Stone trial testimony sheds new light on Trump, WikiLeaks connections

Quote:
Just hours after Julian Assange’s arrest in April, Donald Trump fielded a question from reporters about the developments. “I know nothing about WikiLeaks,” the president replied. “It’s not my thing.”
Even by Trump standards, this was ridiculously untrue, and the lie led to ample coverage of the Republican’s enthusiastic embrace of WikiLeaks when it was disseminating materials stolen by Russia in order to help Trump gain power. The White House tried to spin away the president’s obvious falsehood, but it did not go well.

Of course, Trump’s dubious claims on the subject weren’t limited to his public rhetoric. The president also submitted written responses as part of Special Counsel Robert Mueller’s investigation into the Russia scandal, and Trump claimed he didn’t remember receiving advance word on WikiLeaks disclosures or discussing WikiLeaks with longtime associate Roger Stone.

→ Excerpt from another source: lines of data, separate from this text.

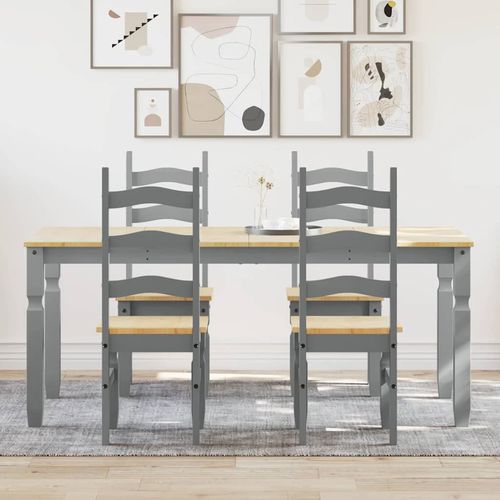 vidaXL 5 Piece Dining Set Panama Grey Solid Wood Pine - Home Symphony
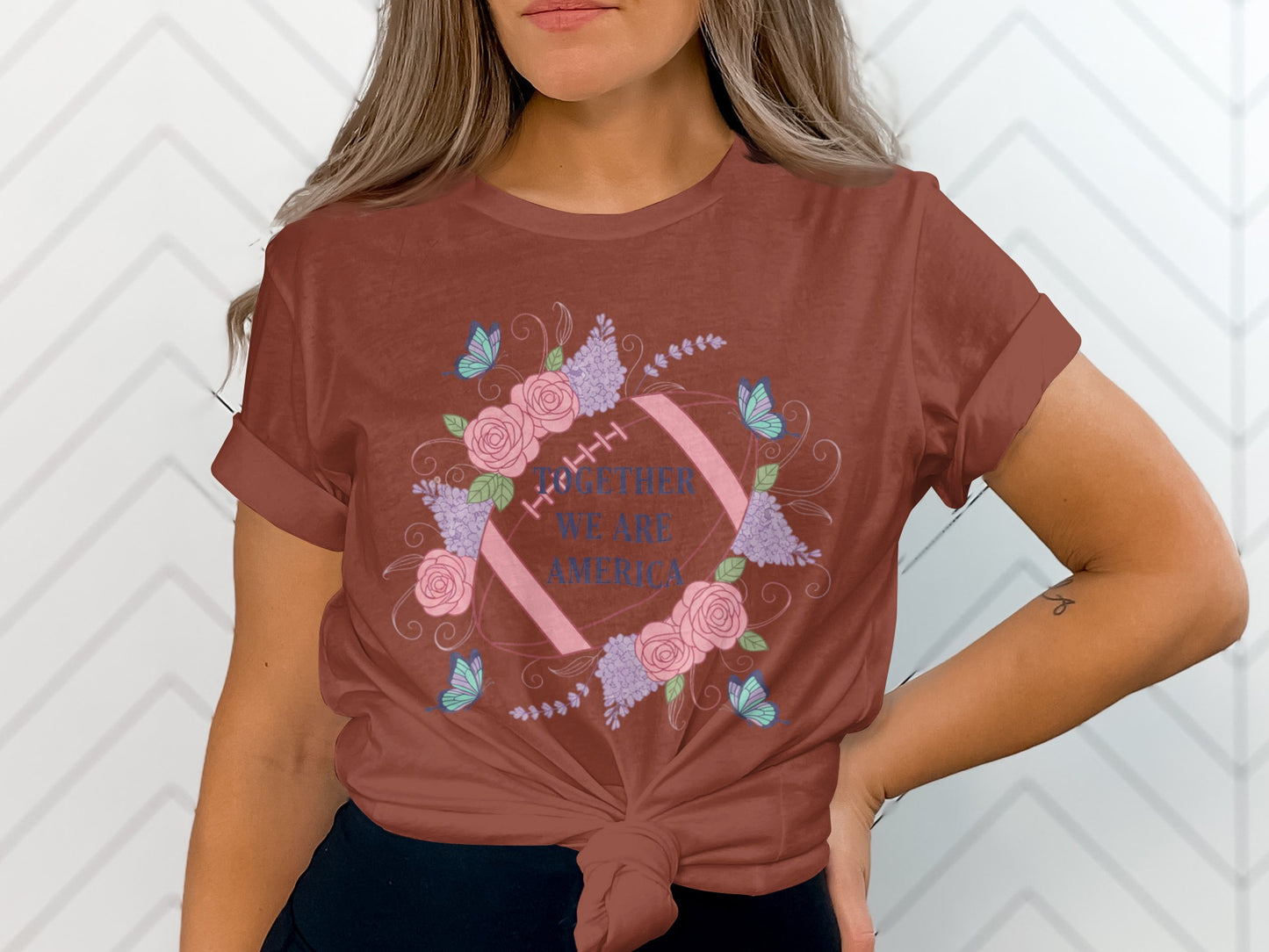 Together We Are America Floral Graphic T-Shirt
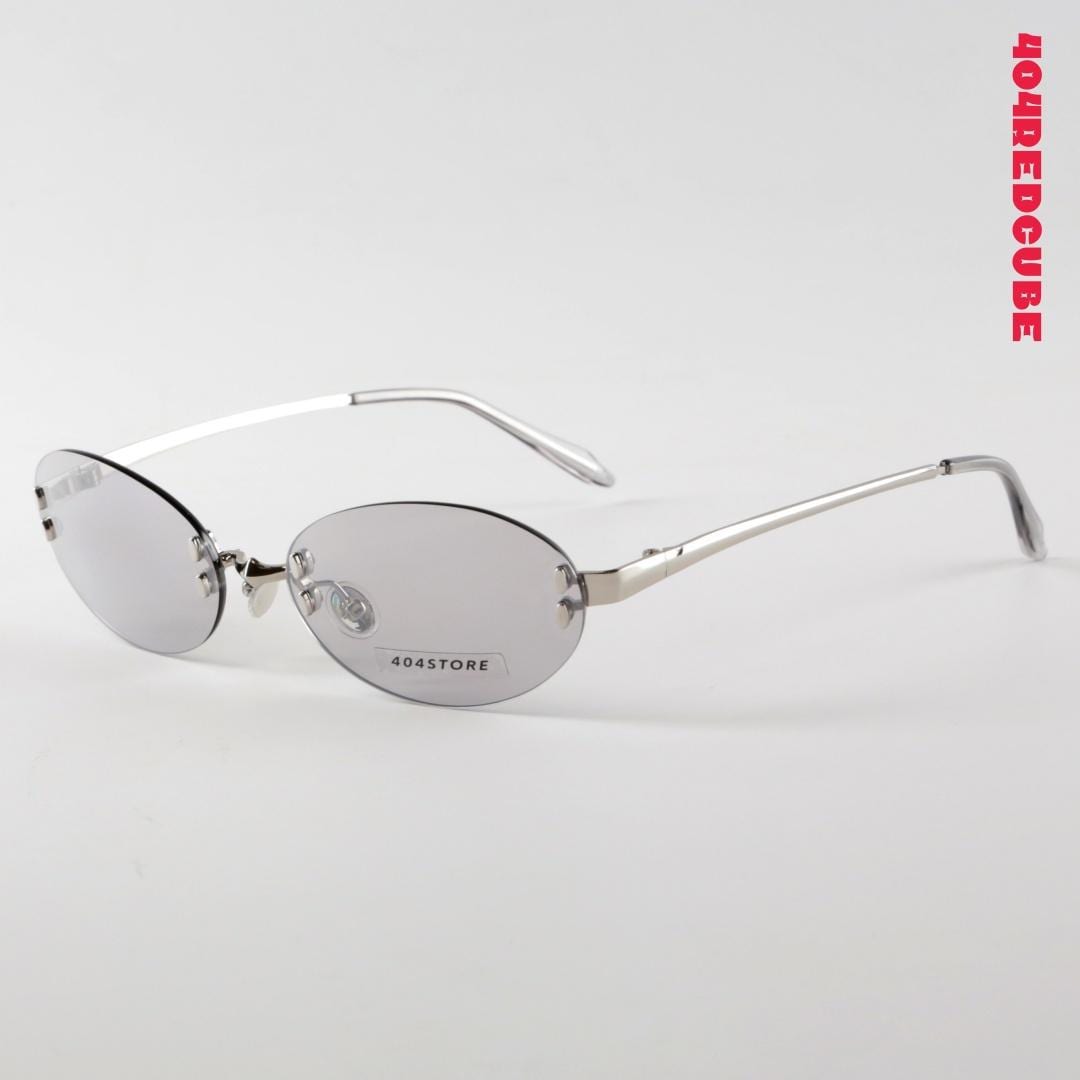 Office Siren Sunglasses Silver Gold Rimless Oval Frames 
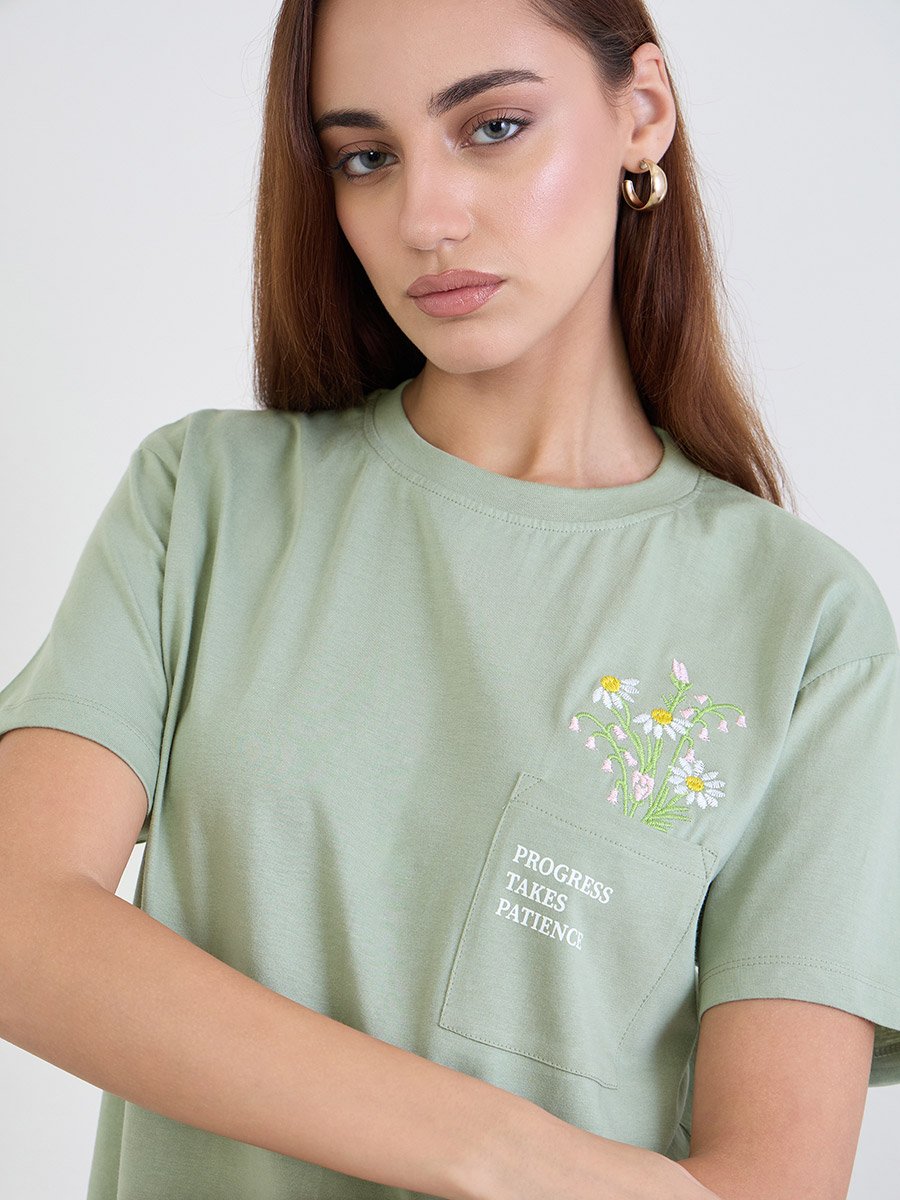 Green Embroidered Floral Pocket 100% Cotton T-Shirt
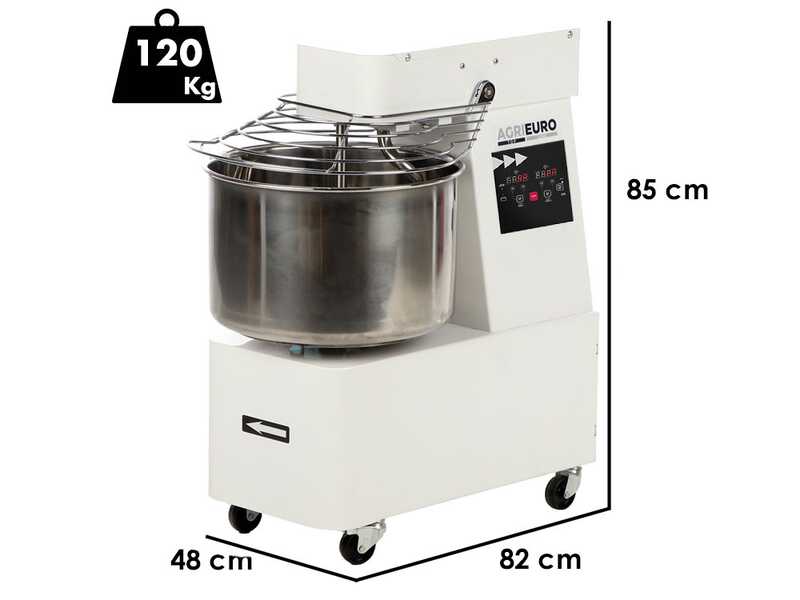 Mixer 4000 T-2G DIG - Impastatrice a spirale - Da 32 Kg trifase a 2 velocit&agrave; - Schermo digitale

It’s against this backdrop that Stone is now on trial, accused of, among other things, obstructing justice and lying as part of the investigation into Russia’s attack on our 2016 elections. And while time will tell what happens to the longtime Republican operative, of greater national significance is what we’re learning by way of the trial about Donald Trump. Reuters reported this morning:

The 2016 Trump election campaign was keen to keep abreast of the release of emails potentially damaging to Democratic candidate Hillary Clinton, reaching all the way to Trump, the Republican’s former deputy campaign chairman testified in court on Tuesday.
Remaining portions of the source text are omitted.